*** Opening Input for this task ***

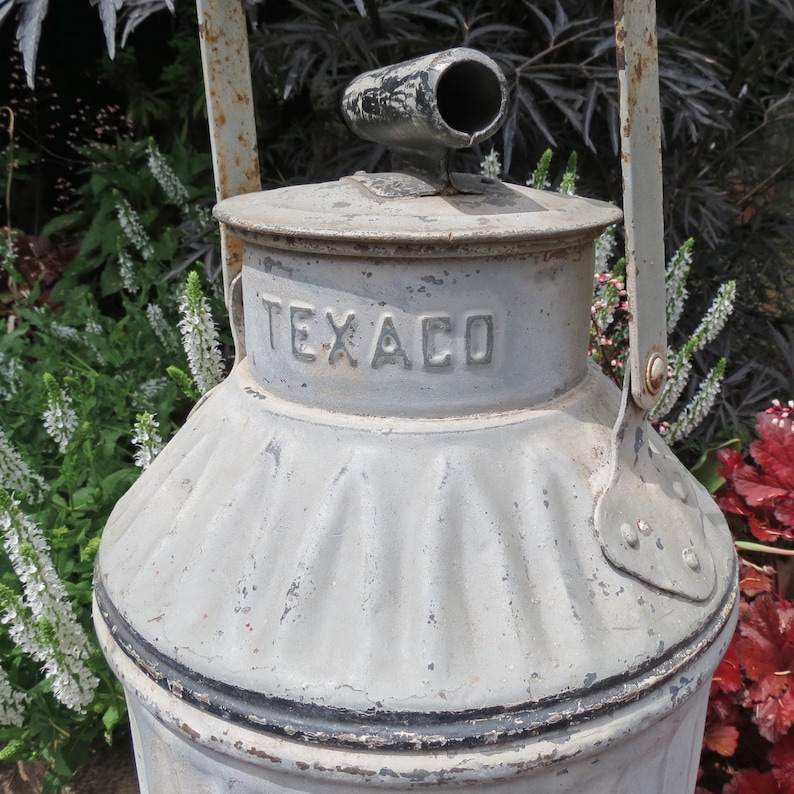 Vintage Texaco Embossed 5 Gallon Galvanized Oil Can - Etsy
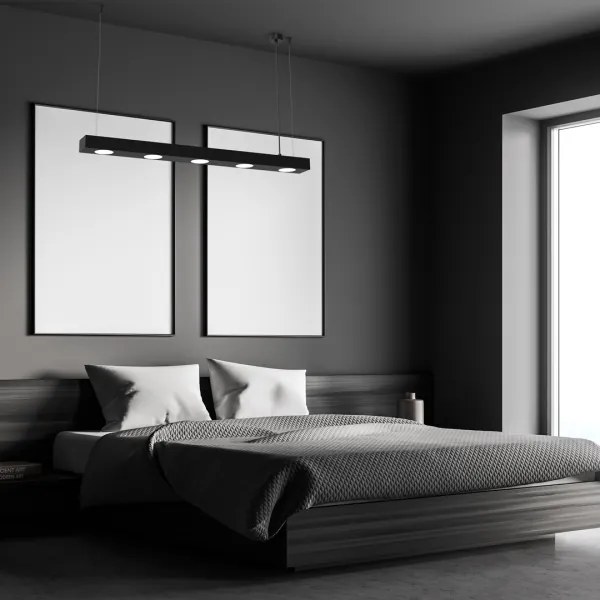 Lustră pe cablu ALEXANDER 5xGX53/12W/230V neagră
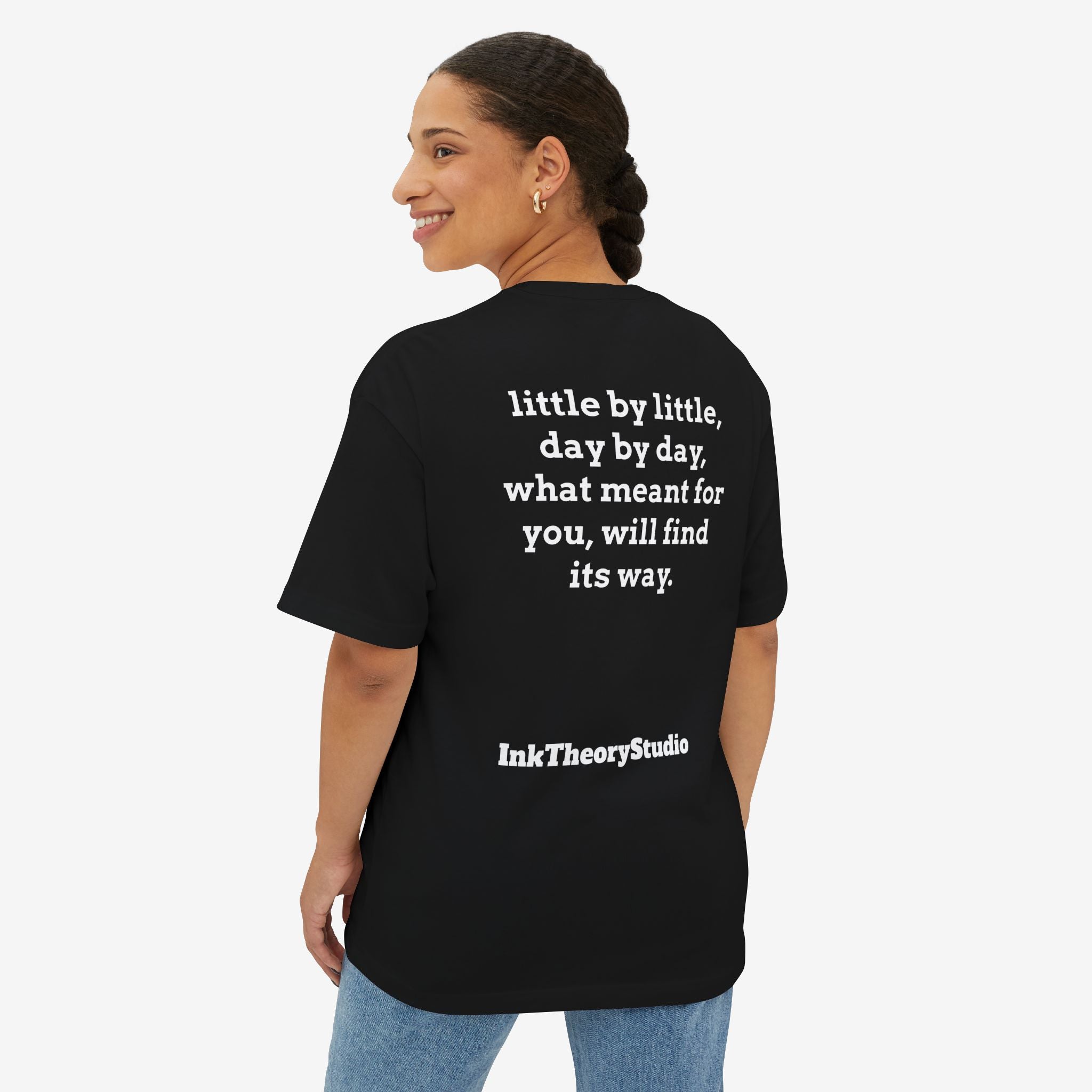 CUSTOMIZABLE BOXY TEE — MINIMALIST FRONT/BACK TEXT T-SHIRT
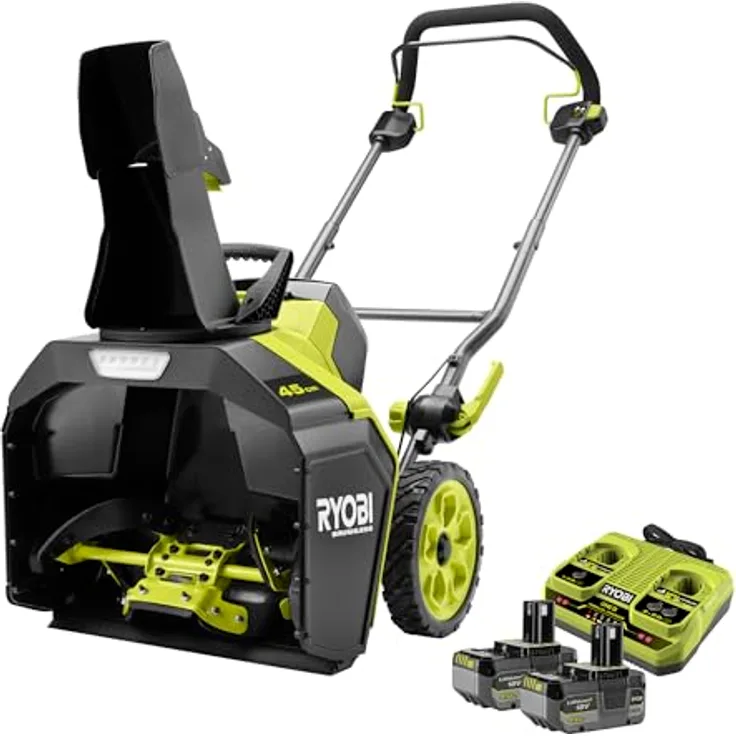 RYOBI 18 V ONE+ Akku-Schneefräse RY18STX45A-240, 45 cm Räumbreite, inkl. 2 x 4,0 Ah Akku und 2,0 A Ladegerät, effizientes Schneeräumen bis 25 cm Höhe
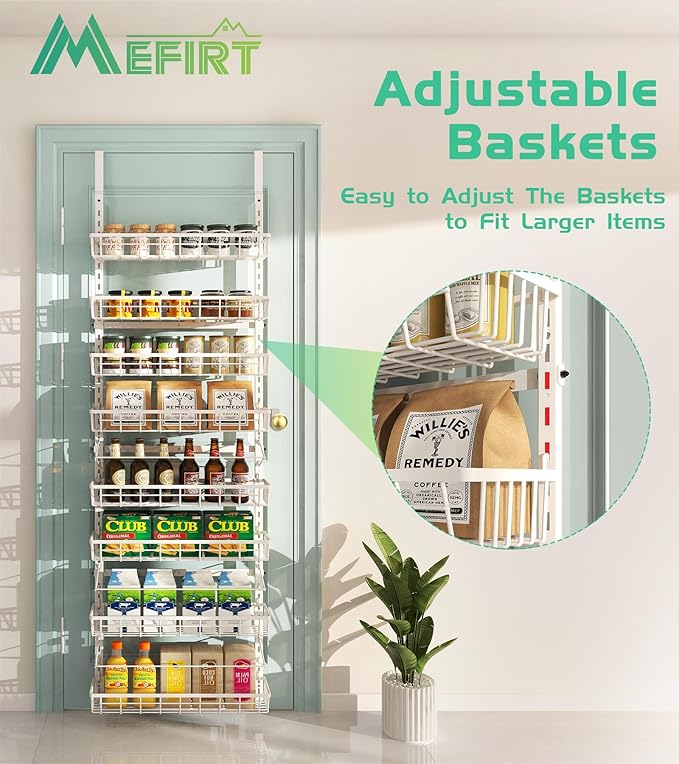 Over The Door Pantry Organizer, Wall Mount Spice Rack, Pantry Hanging Storage and Organization, 8 Adjustable Baskets Heavy-Duty Metal for Home & Kitchen, Back of Door Seasoning Rack - White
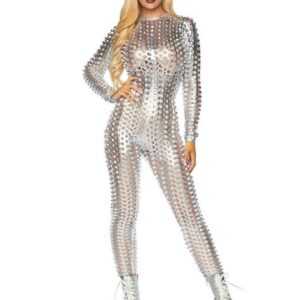 Leg Avenue Kostüm Laser Cut Catsuit metallic, Sexy SciFi-Suit - garantiert nicht blickdicht!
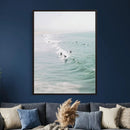 Surfers on Waves Canvas Wall Art, Aerial Ocean Photography by MyGreatCanvas | Canvas Wall Art Prints | Photo Prints & Wall Decor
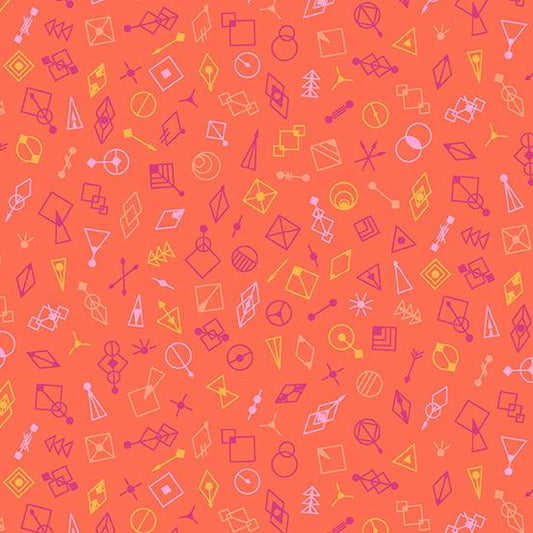 Deco Glo II Glitter in Persimmon features tiny pink, purple, and yellow geometric shapes tossed across a bright orange background.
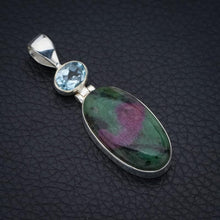 StarGems® Natural Ruby Zoisite Blue TopazHandmade 925 Sterling Silver Pendant 1.75" F4617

*** Closing Input for this task ***

Exercise directions
All pictures are to be skipped. Output, word for word, the lines in the data above starting at the line containing "Lustră pe cablu" and ending at the line containing "RYOBI 18 V ONE+".

Reply to the task
 Lustră pe cablu ALEXANDER 5xGX53/12W/230V neagră
 CUSTOMIZABLE BOXY TEE — MINIMALIST FRONT/BACK TEXT T-SHIRT
 RYOBI 18 V ONE+ Akku-Schneefräse RY18STX45A-240, 45 cm Räumbreite, inkl. 2 x 4,0 Ah Akku und 2,0 A Ladegerät, effizientes Schneeräumen bis 25 cm Höhe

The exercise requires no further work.